Mr. Dimoff reviews some frightening new trends in random violence, and what you can do to protect yourself against them.
1.) The “knockout game”: Cell phone videos have captured numerous incidents across the country in which groups of teens and young adults prey on unsuspecting passerby. The “game” is to knock out a stranger with a single blow to the head.
Protective Measure: The best way to defend against an ambush is to avoid it. Be aware of your vulnerabilities and take measures to decrease them. The victims in the knockout attacks have been people walking alone and making little or no effort to be aware of their surroundings. Be aware of who’s around you, keep your distance from unknown or strange people, or ask a co-worker to walk you to your car.
2.) Cyberbullying: Middle school and high schools are traditionally a difficult place and time for many, but now, cruel attacks by bullies can follow students 24 hours a day, on campus and off. Cyberbullying includes intimidating messages, humiliating rumors and images spread on social networking sites, false profiles and more. To make matters worse, the bully recruits others to “join in the fun” of constant negative cyber attacks to a selected target. Just look at the supposedly supporting teammates of the Miami Dolphins. Bullying taken a little too far. Careers ruined, mental stability changed all for a little so called fun and initiation.

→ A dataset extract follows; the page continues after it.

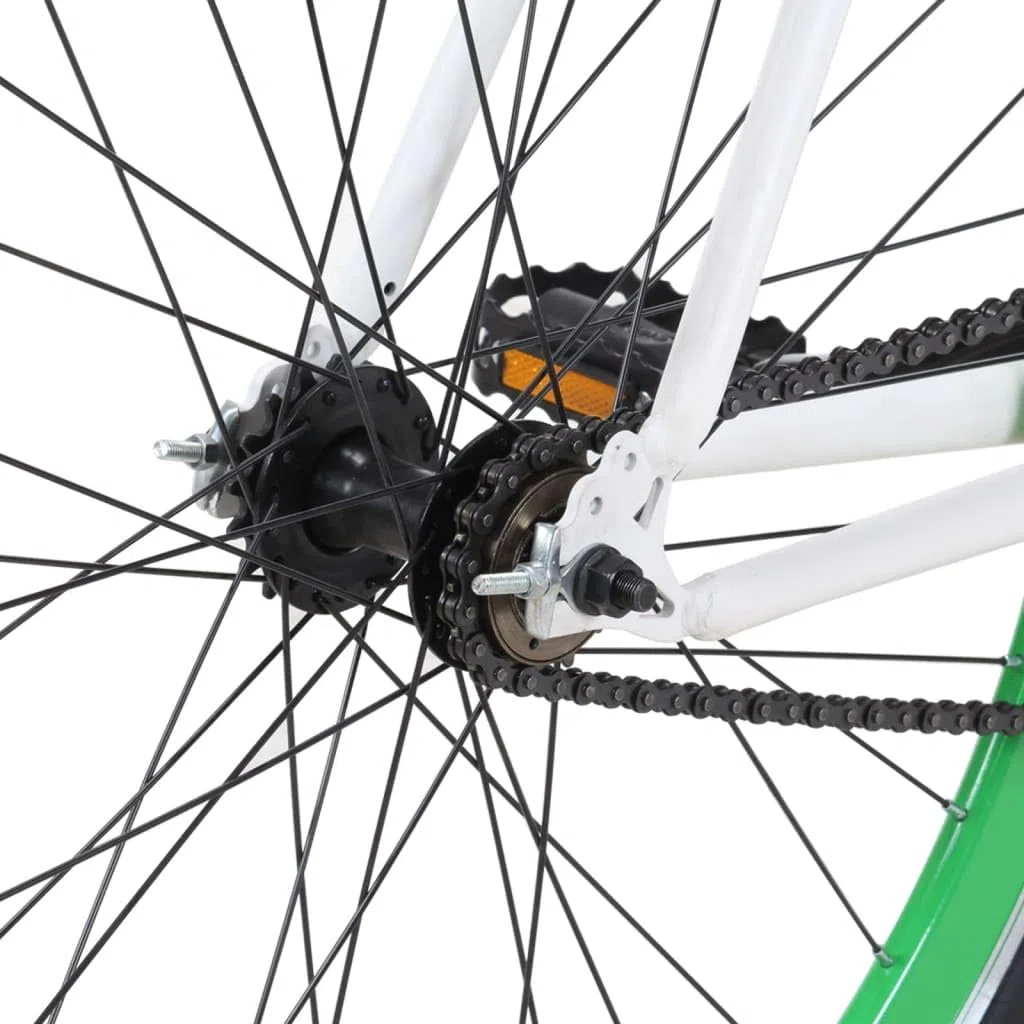 Bicicletta a scatto fisso bianco e verde 700c 55 cm biciclette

Protective Measure: Children do not understand the importance of boundaries as well as adults do, so it is imperative that parents establish appropriate online behavior with their kids. Help them post and filter content intelligently; make sure that what they post will not be used to embarrass them. Also, ensure that passwords are kept secret. Let your kids know that you will be monitoring their networks for their safety and if they protest that’s an invasion of privacy, remind them social media is public (and suggest they keep a written journal).
3.) Real violence at movie theaters: There have been more than 60 mass shootings nationwide since 1982, and almost half of them occurred just since 2006. The first mass shooting in a movie theater occurred in 2012 and seemed like a tragic, random fluke, the crazed violence of a mentally deranged young man. However, any sense of security was shattered in January when a respected retired police officer annoyed with another patron’s texting was accused of shooting and killing him.
Protective Measure: By now, movie theater management should know the necessity of a visible security presence, with staff stationed in darkened theaters to ensure the civility of the audience. A confrontation over what one patron perceives to be annoying behavior can quickly escalate, so adhere to the rules of etiquette and if that’s not possible (such as a crying child), remove yourself from the situation. When you enter a theater, or any public gathering place, make a note of exits and consider what you would do if you needed to intervene to stop an attack, defend yourself and /or your family, escape or distance yourself from the threatening situation. Always have a plan just in case!
“Whether we’re talking about personal or corporate security - or safety at home, schools, churches and nonprofits – it should be clear to everyone that security is no longer a spectator’s sport,” Dimoff says.
This article is not meant to frighten you but to make you think about being aware of your surroundings.